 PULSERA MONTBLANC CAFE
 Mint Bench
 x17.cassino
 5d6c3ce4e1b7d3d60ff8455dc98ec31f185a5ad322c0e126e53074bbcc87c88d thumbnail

→ Work order
Give the lines exactly as they stand, from the line with "x17.cassino" through the end of the material.

→ Response box
 x17.cassino
 5d6c3ce4e1b7d3d60ff8455dc98ec31f185a5ad322c0e126e53074bbcc87c88d thumbnail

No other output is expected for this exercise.